• [Task requirements] Only the lines below from the one containing "And with that, we" through the one containing "Greetings and welcome" belong in the answer, set down exactly, with the pictures left out.

=== Records provided ===

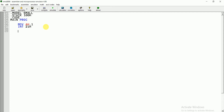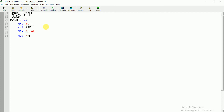To move the input to the DL register, we first move it to another register — for example, we write MOV BL, AL to transfer the input from AL into BL.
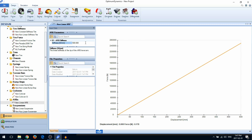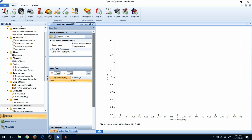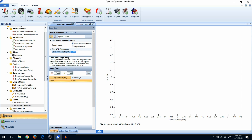You can also create nonlinear ARBs. First, select whether you have displacement force data or angle force data, and then enter the lever arm length. In the data table, enter the force characteristics of your anti-roll bar.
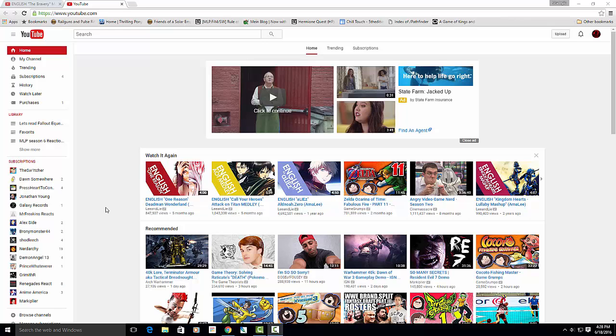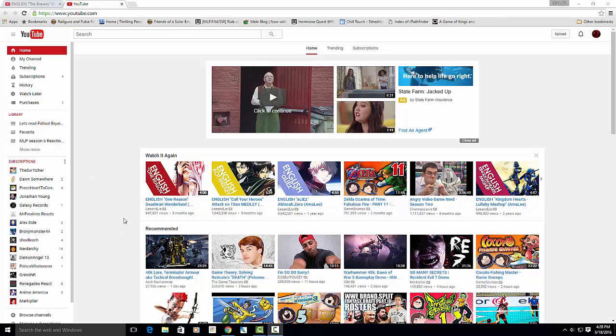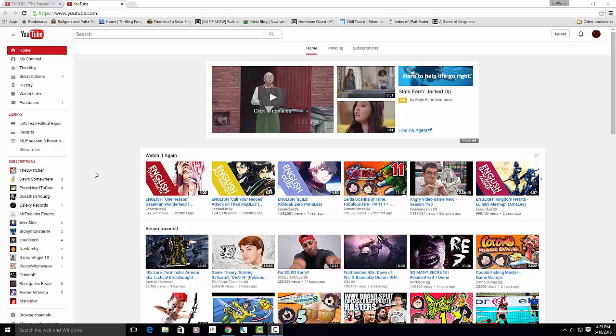My question is, for the Fallout Equestria, should I do what I did last time and just make a normal 30-minute video and divide it into two and post it here on YouTube? Or should I just keep the video whole and post it on Google Drive? Like, what should I do? Should I just divide the video in two for YouTube or not?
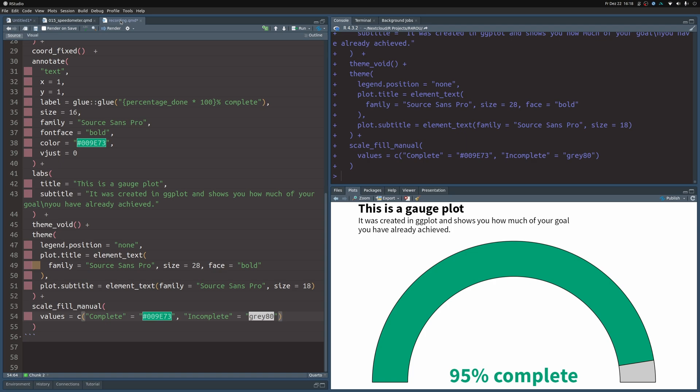And with that, we have completed our plot here. And as always, you can find all of the code that I have shown you in this video in the blog post that corresponds to this video. And you will find a link to that via the description of this video. If you have any questions, feel free to drop them in the comments. And with that said, have a nice day and see you next time.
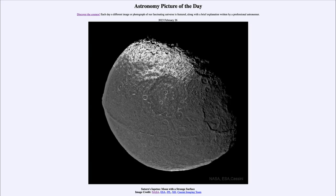Greetings and welcome to the introduction to astronomy. One of the things that I like to do in each of my introductory astronomy classes is to begin with the Astronomy Picture of the Day from the NASA website — that is apod.nasa.gov/apod — and today's picture for February 26th of 2023 is titled Saturn's Iapetus moon with a strange surface.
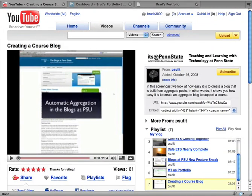So in this video I'm going to show you how to embed a video from YouTube into a blog entry. So right here is a video on YouTube I want to embed in my blog.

===

• [Result for this exercise]
And with that, we have completed our plot here. And as always, you can find all of the code that I have shown you in this video in the blog post that corresponds to this video. And you will find a link to that via the description of this video. If you have any questions, feel free to drop them in the comments. And with that said, have a nice day and see you next time.
Greetings and welcome to the introduction to astronomy. One of the things that I like to do in each of my introductory astronomy classes is to begin with the Astronomy Picture of the Day from the NASA website — that is apod.nasa.gov/apod — and today's picture for February 26th of 2023 is titled Saturn's Iapetus moon with a strange surface.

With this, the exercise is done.